In the ensuing 40 years I was fired 4 times. I was unemployed 6-8 years of that 40. Savings accounts, IRA's, a Merrill Lynch Sharebuilder account and a 401k account and a $100K life insurance policy came and went. At one point when I had been unemployed for around 2 years, was diagnosed with cancer and we were making payment on 2 houses because I am a hoarder, I almost lost everything including the $10K life insurance and became homeless with a family of 4. My retirement is arthritis and social security with a travel horizon of the backyard and the grocery store. If my final medical costs, whenever they choose to appear, have much substance or significant duration, any financial resources I have will disappear like straw in a hurricane.

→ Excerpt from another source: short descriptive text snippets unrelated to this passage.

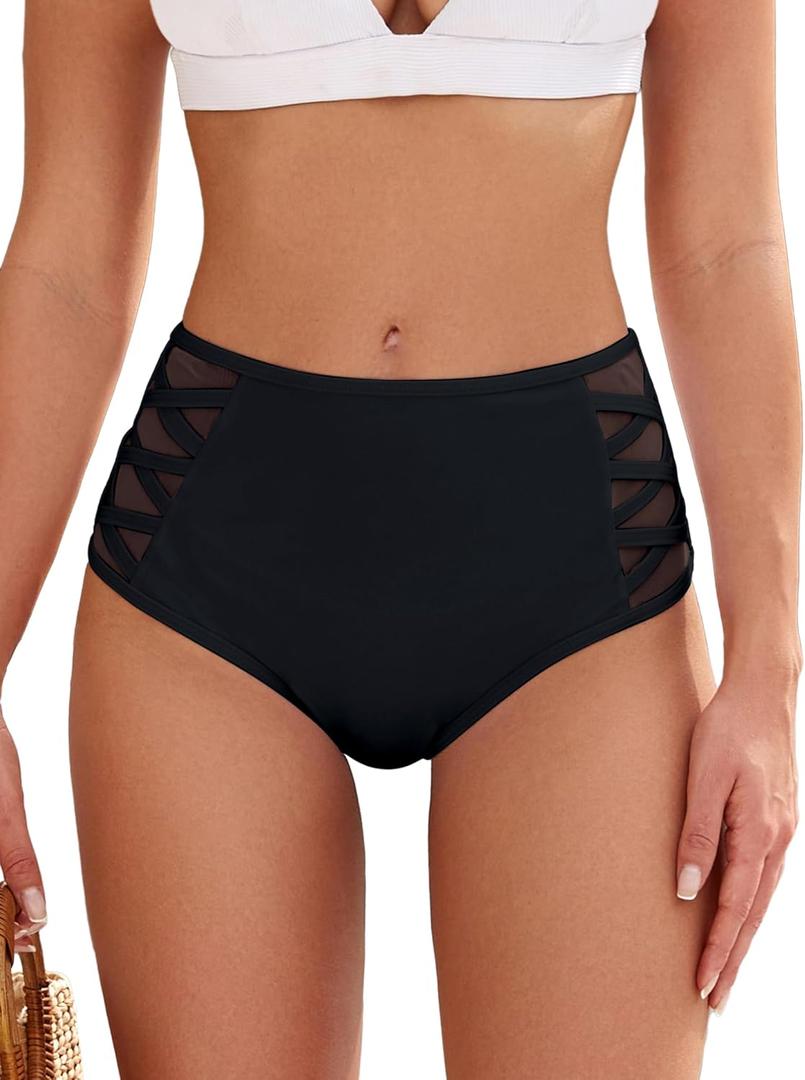 ZAFUL Women High Waist Bikini Bottom Side Mesh Spliced Tankini Swimsuit Swim Briefs Bathing Suit Bottom (Large, 0-black)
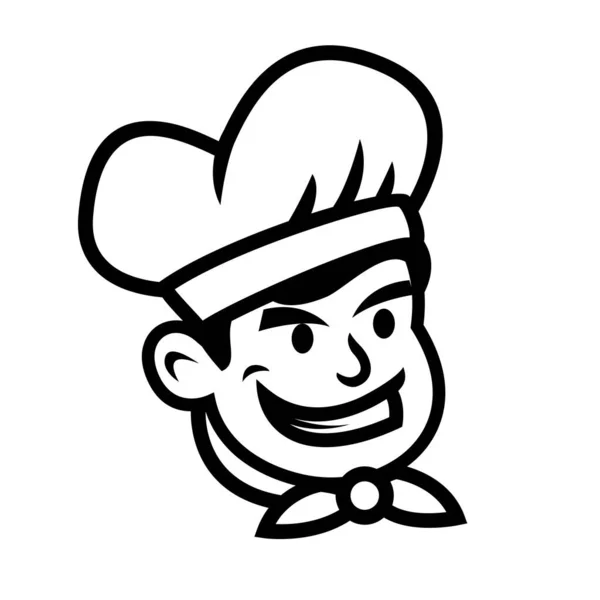 厨师餐厅吉祥物图标设计图解 — 图库矢量图片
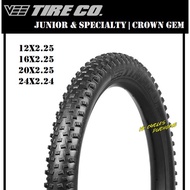 VEE TIRE CROWN GEM 12/16/20/24X2.25 MPC, WIRED, Black / Brown Black(SKIN) MTB BMX GRAVEL TYRES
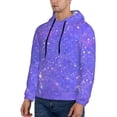 thumbnail image 3 of Wukai Purple Glitter Print Men Hoodies Fleece Sweatshirts Long Sleeve Sweaters Pullover Fall Outfits Winter Clothes-Small, 3 of 7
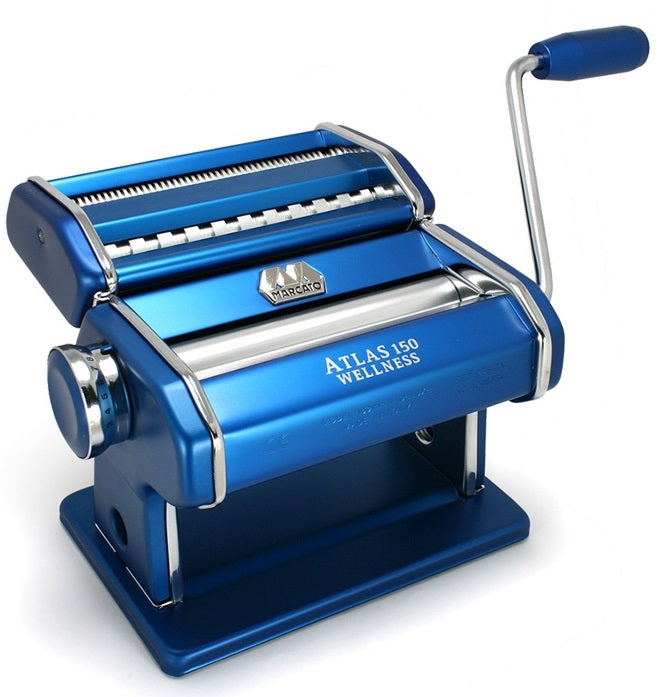Marcato Atlas 150 Blue Wellness Pasta Machine by Kitchen Niche
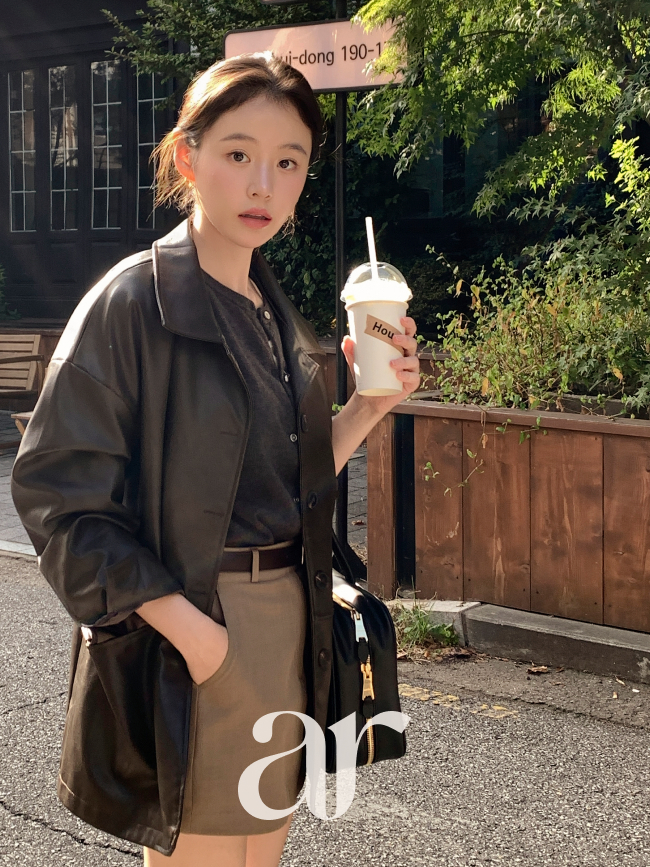 루즈핏 하프 레더 가죽 자켓 jk3015 - 상세 이미지 2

Through all that I have managed to keep that $10k policy Only because of accumulated cash value and the policy loan provisions for premium payment-including I think 6% interest.

Now let's assume I can beat the mortality tables and go to at least 92, ie another 20 years. (And let's ignore a discussion of paying more in premiums than the face of the coverage because I don't know how to deal with that.)
$740-$160 = $580 per year. $580 / yr for 20 years = $11,600. $160 per year for 60 years = $9,600. Buying a $10K policy while in my 30's, single, with no kids and "not needing insurance" and holding it for 60 years is cheaper than buying the same coverage at age 72, when "everybody" is buying it and just holding it for 20 years.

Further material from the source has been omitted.